# co2 indicator solution harmful?



## boolz (Oct 9, 2012)

I knocked off my drop checker and the co2 indicator solution spilled inside the tank. Shall I be worried? I use a Cal Aqua nano drop checker with Cal Aqua indicator solution. The website says "The indicator solution is a combination of KH Standard / 4 degree KH (4 dKH) and pH indicator (Bromothymol Blue)" What is the effect of this solution spilling inside the tank?? 

:help:


----------



## tharsis (Oct 9, 2009)

it will be fine. The KH standard is just regular water that has the hardness adjusted and the pH indicator is only like 7 dropsor something so it will be very diluted.


----------



## randpost (Feb 9, 2014)

tharsis said:


> it will be fine. The KH standard is just regular water that has the hardness adjusted and the pH indicator is only like 7 dropsor something so it will be very diluted.


+1

I've spilled solution multiple times from my drop checker with no ill effect.


----------



## Darkblade48 (Jan 4, 2008)

As others have mentioned, it should be no cause for alarm.
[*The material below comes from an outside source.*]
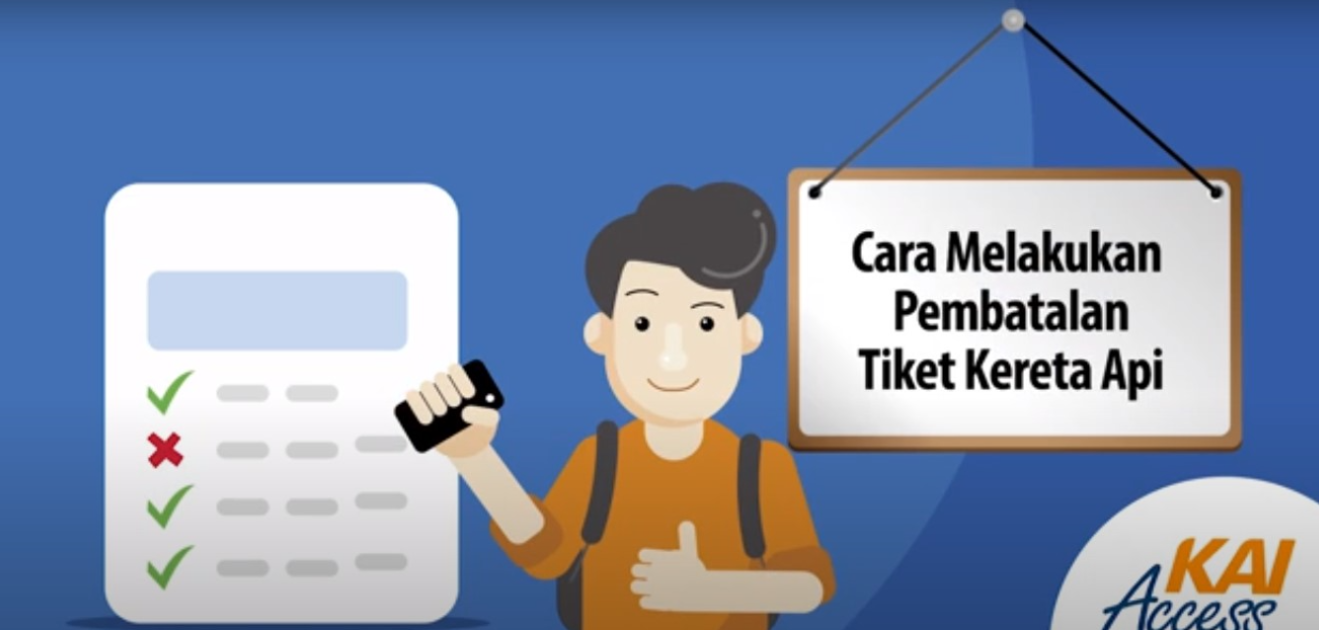 Batal Lakukan Perjalanan Kereta? Ini Cara Refund Tiket Kereta Api Secara Online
Of course, you can also do a partial water change (though it would really just be for the sake of doing a partial water change).


----------



## boolz (Oct 9, 2012)

Thank you All. The response from GLA: 

"Hi, 


Thank you for your email. No worries on the spill in the tank. There are extremely small diluted amounts of bromo blue in the fluid. No worries. 



Thanks,
Marco



 "


----------